The signs of a firmly authoritarian political line are emerging in today’s Vietnam. One observer defined it to me as “Stalinist-Confucian.” This line seems to have its main power base in the Northern army. Whether it will win against a more open and less dogmatic policy, one in favor of building socialism at a slower pace—and inclined to place more confidence in the Southern population—is a great question for the future. Certainly this second approach is favored by many of the North Vietnamese civilian leaders as well as by members of the former Southern provisional revolutionary government. My impression is that such gradualists would be encouraged and strengthened if the Western nations, and particularly the US, were to respond favorably to Vietnamese offers of relations and its need for aid—while they will become weaker if Vietnam remains isolated, and thus dependent mainly on the USSR.

The danger of a tougher and more authoritarian policy is accompanied by the strongly bureaucratic mentality of the North which is spreading South and could be a serious handicap to the country’s development. In Hanoi a visitor is appalled to find how many papers have to be filled out to get a room in a hotel, to pay for a restaurant bill, not to mention sending a press telegram. Although the new Aeroflot jet from Laos can no longer land at the Gia Lam airport, but lands instead at a military base forty kilometers outside Hanoi, passengers are still taken daily to the old airport to go through immigration and customs. It would obviously be more reasonable to transfer a few policemen from Gia Lam to the military airfield. Just outside Hanoi a much needed factory, built with Polish aid, was completed eight months ago; but work has not yet started since the machinery is still in huge containers lost in the chaos of unloaded and undelivered goods that jam the Haiphong docks.

This kind of bureaucratic muddle has already reached Saigon. When I found the new brand of cigarettes “Saigon Giai Phong” utterly unsmokable, I was told that the political commissar in charge of the tobacco factory had refused to sign the delivery orders until he had personally inspected all the stocks in the warehouses.
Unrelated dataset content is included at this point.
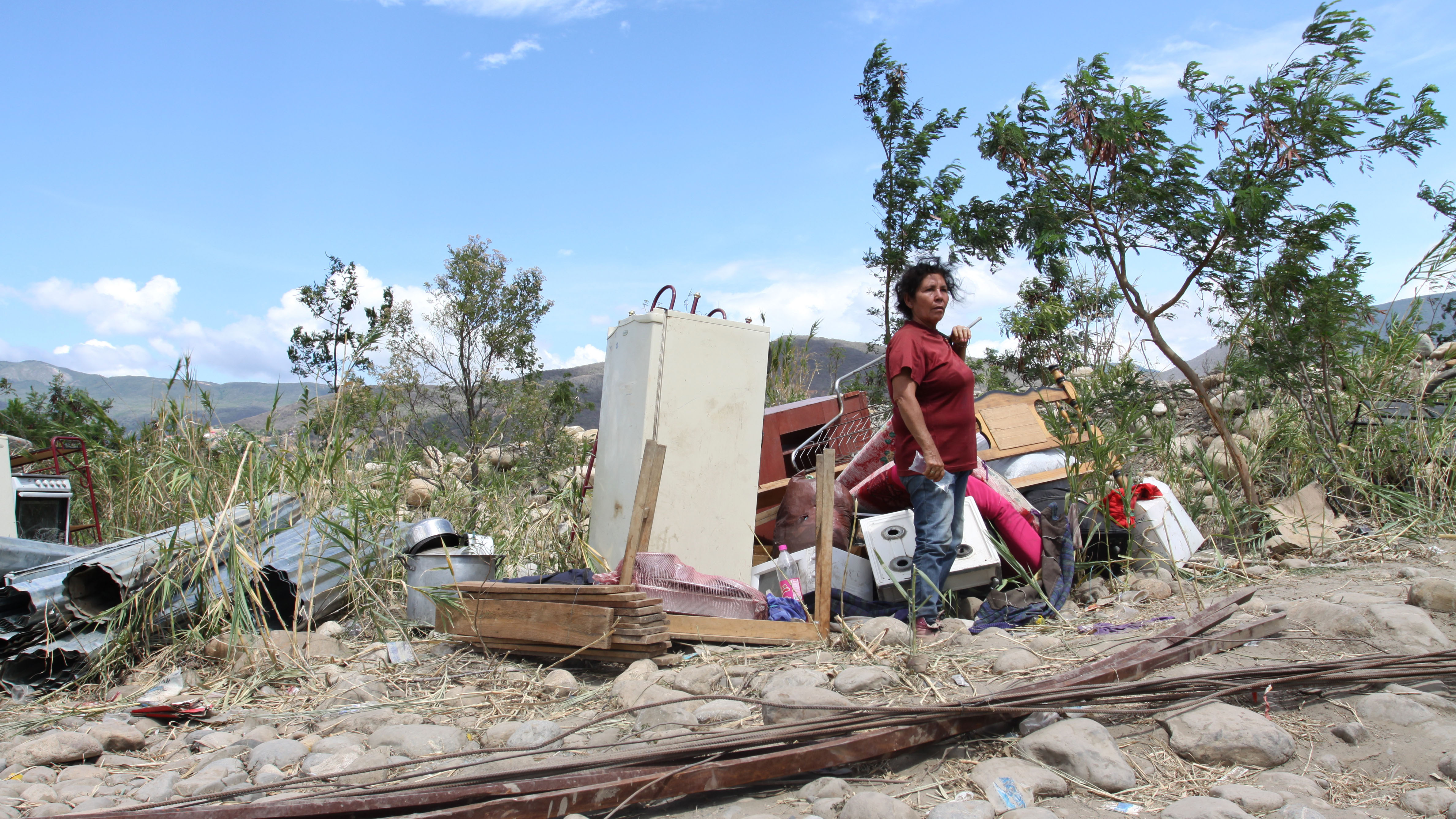 Blanca María Riobó crossed the Tachira River back into Colombia with her belongings, after authorities in Venezuela slated her home there for destruction.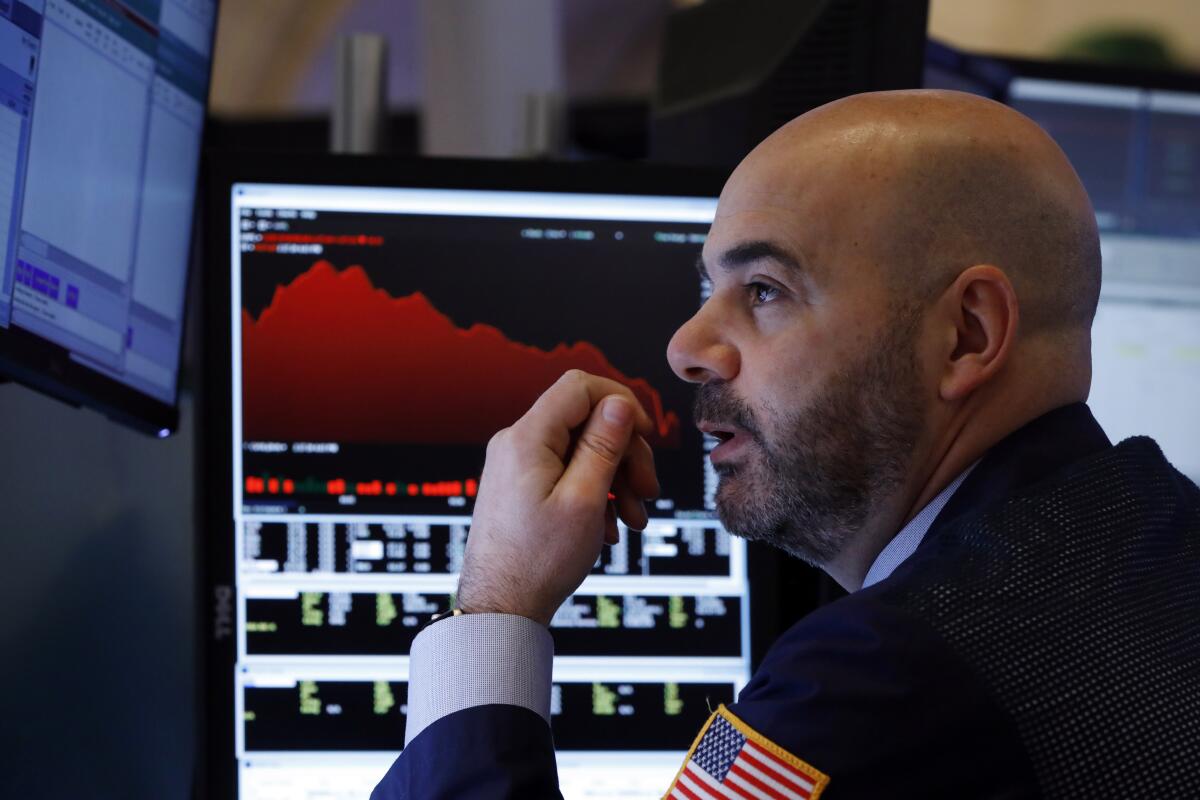 Trader Fred DeMarco works on the floor of the New York Stock Exchange.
Thus, for weeks there had been no cigarettes on the market. When they finally arrived they were all stale from having been kept too long in the storerooms.

Vietnam, one years after the end of the war, can already claim important successes in public health and agriculture and education. That they should have been accomplished at all by, and in, a country that has suffered so much from bombing, defoliation, and destruction is itself remarkable. But what mainly impresses the visitor is how immense are the problems created by peace. For the first time in their lives most Southern Vietnamese can feel free of the old fears—of being killed, bombed, drafted, sent to the front; of being tortured by police and of being under the control of foreign masters or protectors. Now Vietnam is at last being reunified by Vietnamese—but it is not, as some might have expected, a peace that can easily be enjoyed. The Vietnamese communists who brought about these changes are now remodeling the society, which means revolution; and that revolution, as the Vietnamese people are daily discovering, is a hard, painful process. Above all it will mean hard work in the Southern rice fields—and no agricultural labor is more taxing—since those fields are the main, and the most immediate, source of survival in this underdeveloped but over-urbanized country.

So there can be little relaxation now and there will be less in the future. The economy is the new battlefield of Vietnam. As a member of the Party Central Committee in Hanoi said to me: “It is our third resistance. We fought the first one against the French, the second against the Americans, now we have to flight a new war against our own underdevelopment.”